2. The pump of claim 1 wherein said piston comprises one of a
magnetostrictive actuator and said first field comprises a magnetic
field.
3. The pump of claim 1 wherein said piston comprises an
electroactive actuator and said first field comprises an electric
field.
4. The pump of claim 3 wherein said electroactive actuator
comprises one of an electrostrictive actuator and a piezoelectric
actuator.
5. The pump of claim 1 wherein said piston comprises a stack
actuator.
6. The pump of claim 1 wherein said piston further comprises a pair
of opposing pistons.
7. The pump of claim 1 wherein said piston further comprises a cap
made of a softer material than said piston.
8. The pump of claim 1 wherein said first valve comprises a
magnetostrictive actuator and said second field comprises a
magnetic field.
9. The pump of claim 1 wherein said first valve comprises an
electroactive actuator and said second field comprises an electric
field.
10. The pump of claim 9 wherein said electroactive actuator
comprises one of an electrostrictive actuator and a piezoelectric
actuator.
11. The pump of claim 1 wherein said first valve comprises a stack
actuator.
12. The pump of claim 1 wherein said first valve further comprises
a cap made of a softer material than said valve.

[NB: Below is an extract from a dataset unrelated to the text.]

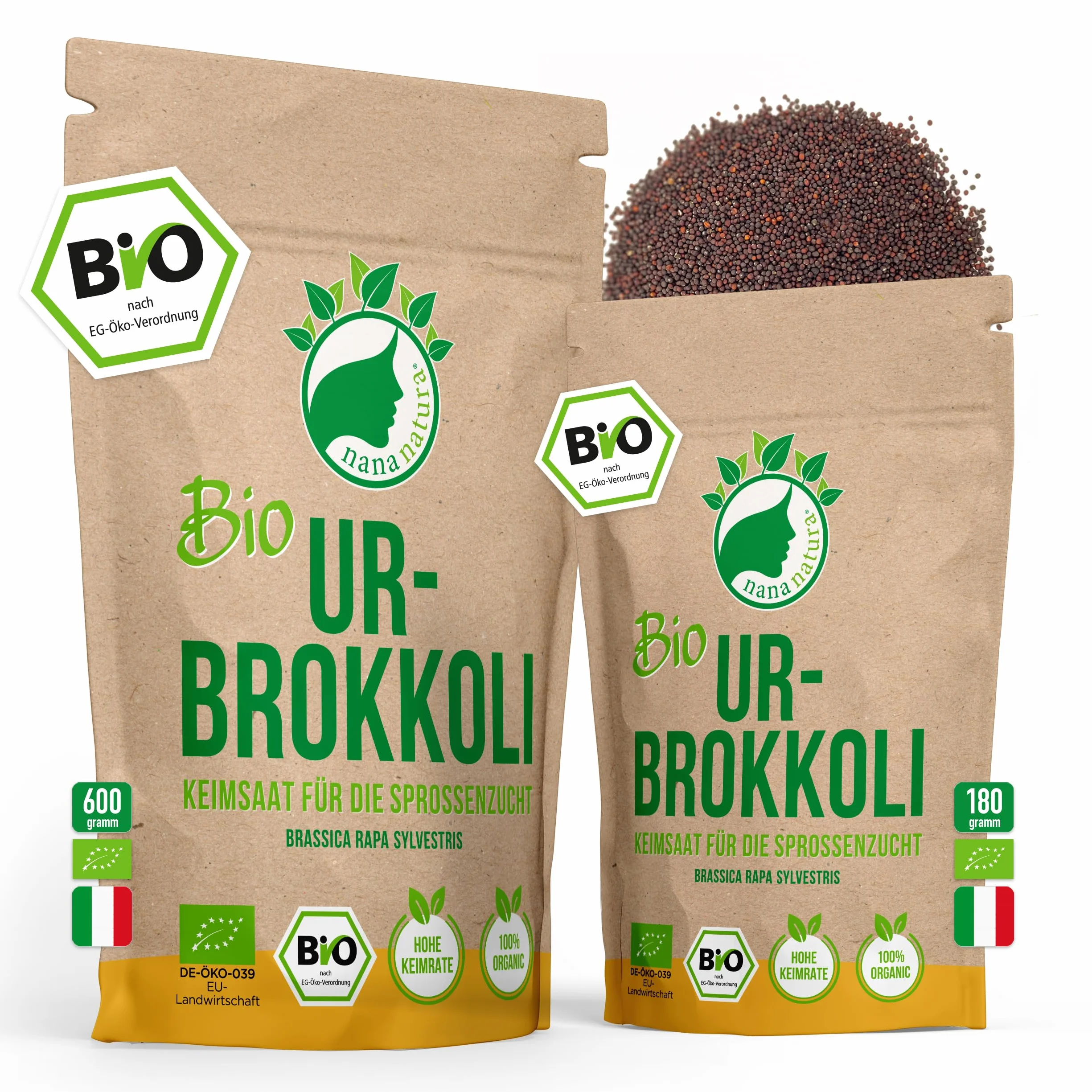 NanaNatura 's Organiczne nasiona kiełkowe | do uprawy pędów | o wyższej szybkości kiełkowania | Mikrozielone (Organiczne Brokuły, 180g)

13. The pump of claim 1 wherein said conduit has an interior
surface and said first valve has a face opposing said interior
surface and further comprising:
a pressure sensor disposed between said valve face and said
interior surface.
14. The pump of claim 1 wherein said conduit has an interior
surface and said piston has a face opposing said interior surface
and further comprising:
a pressure sensor disposed between said face and said interior
surface.
15. The pump of claim 6 wherein one of said pistons has a face
opposing said other piston and further comprising:
a pressure sensor disposed between said face and said other
piston.
16. The pump of claim 1 further comprising:
a second transducing material valve mounted in said conduit between
said piston and said second medium and being transversely
displaceable from a closed position to an open position to admit
said fluid to said second medium; and
wherein said control means further comprises means for changing a
third field applied to said second valve to change the position of
said second valve.
17. The pump of claim 1 wherein the changing of said chamber volume
is caused by a movement of said piston.
18. The pump of claim 1 wherein the changing of said chamber volume
is caused by a change in size of said piston.

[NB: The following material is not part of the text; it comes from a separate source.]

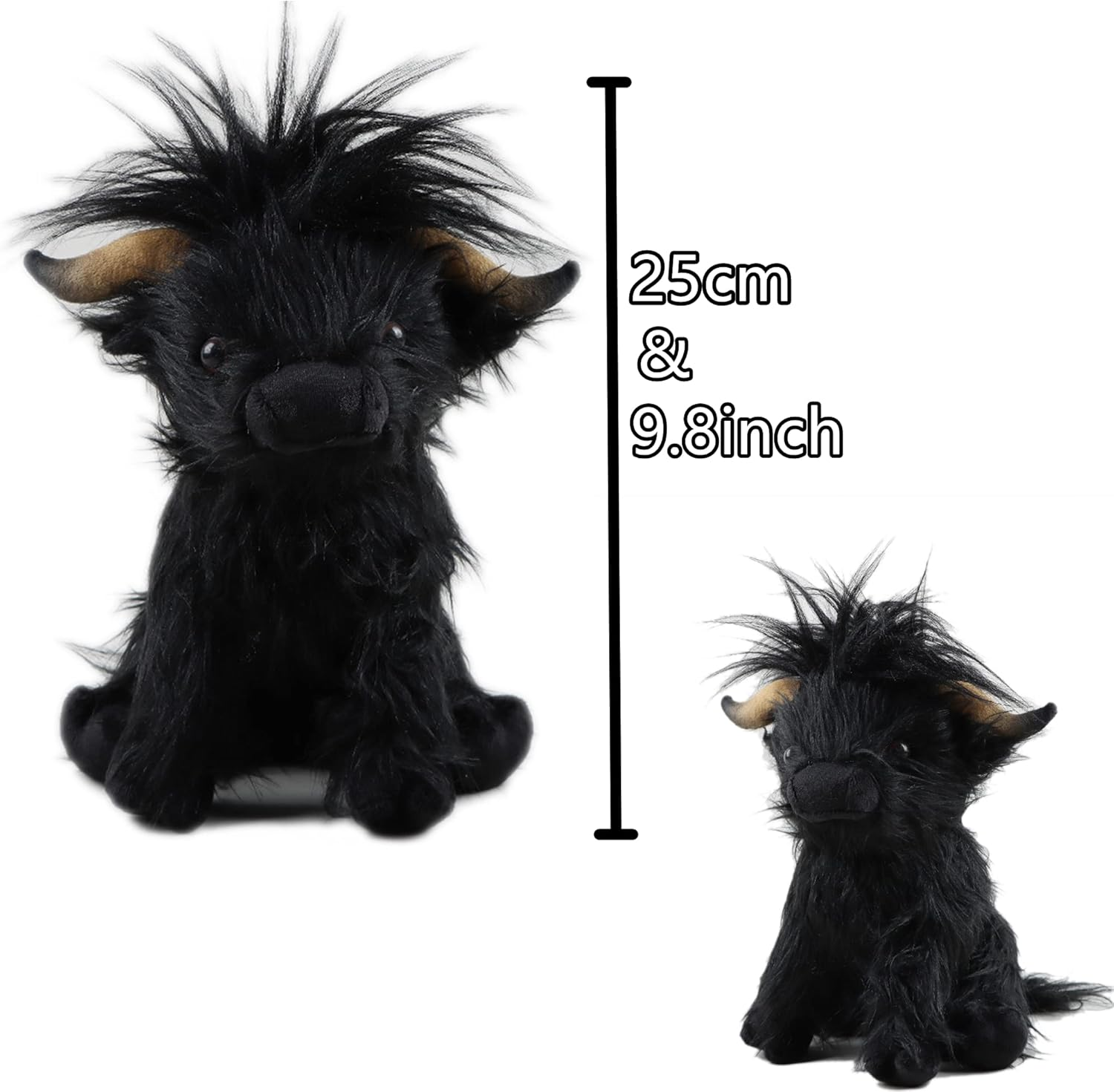 9.8Inch Highland Cow Stuffed Animal Realistic Cow Plush Toy Cuddly Simulation Highland Cattle Plushie Doll Farm Home Decor for Adults Kids(Black) image number 1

19. A pump for inducing a displacement of a fluid from a first
medium to a second medium, comprising:
a conduit coupled to said first and second media;
a first transducing material valve mounted in said conduit and
transversely displaceable from a closed position to an open
position to admit said fluid to said chamber;
a transducing material piston defining a pump chamber in said
conduit between said first valve and said second medium and
transversely displaceable from a first position to a second
position to extract said fluid from said first medium into said
chamber and from said second position to said first position to
force said fluid from said chamber to said medium; and
control means for changing a first field applied to said piston to
displace said piston and for changing a second field applied to
said first valve to change the position of said valve.

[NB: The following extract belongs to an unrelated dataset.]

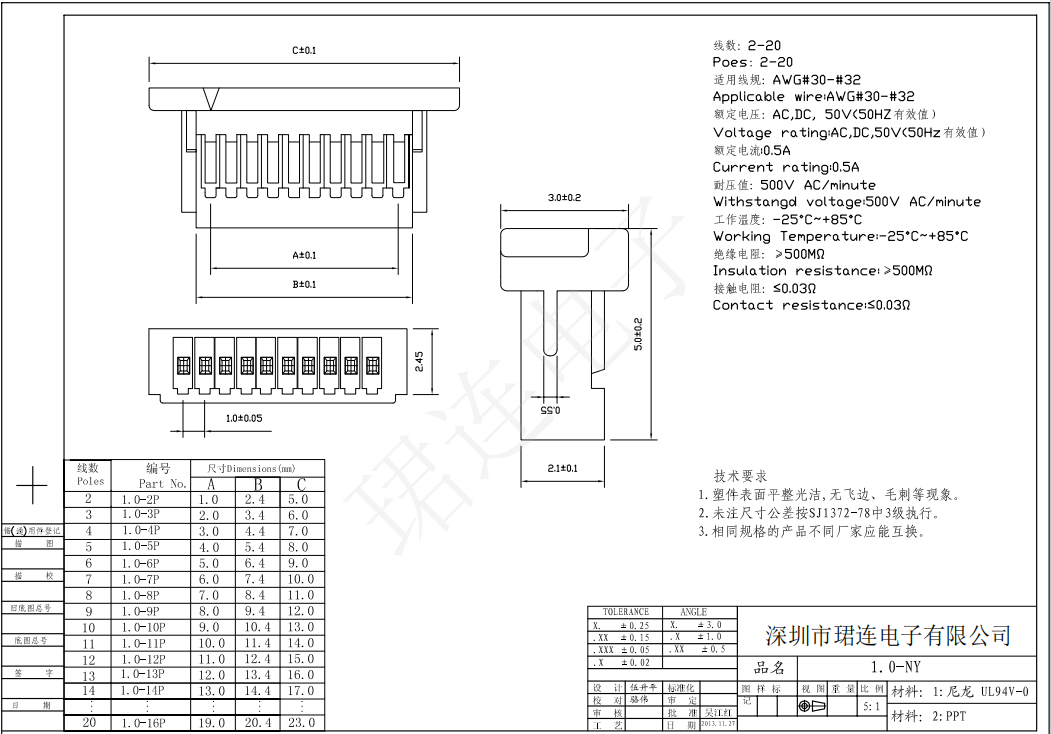 SH1.0 间距端子线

20. The pump of claim 19 wherein said piston comprises one of a
magnetostrictive actuator and said first field comprises a magnetic
field.
21. The pump of claim 19 wherein said piston comprises an
electroactive actuator and said first field comprises an electric
field.
22. The pump of claim 21 wherein said electroactive actuator
comprises one of an electrostrictive actuator and a piezoelectric
actuator.
23. The pump of claim 19 wherein said piston comprises a stack
actuator.
24. The pump of claim 19 wherein said piston further comprises a
pair of opposing pistons.
25. The pump of claim 19 wherein said first valve comprises a
magnetostrictive actuator and said second field comprises a
magnetic field.
26. The pump of claim 19 wherein said first valve comprises an
electroactive actuator and said second field comprises an electric
field.
27. The pump of claim 19 wherein said electroactive actuator
comprises one of an electrostrictive actuator and a piezoelectric
actuator.
28. The pump of claim 19 wherein said first valve comprises a stack
actuator.
29. The pump of claim 19 further comprising:
a second transducing material valve mounted in said conduit between
said piston and said second medium and transversely displaceable
from a closed position to an open position to admit said fluid to
said second medium; and
wherein said control means further comprises means for changing a
field applied to said second electroactive valve to change the
position of said second valve.
30. A pump for inducing a displacement of a fluid from a first
medium to a second medium, comprising:
a conduit coupled to said first and second media;
a transducing material piston defining a pump chamber in said
conduit and being transversely displaceable, said piston comprising
means for changing a volume of said chamber;
a transducing material valve mounted in said conduit between said
piston and said first medium and transversely displaceable from a
closed position to an open position; and
control means for changing fields applied to said piston and said
valve in a predetermined sequence to alternately extract said fluid
from said first medium into said chamber and to force said fluid
from said chamber into said second medium.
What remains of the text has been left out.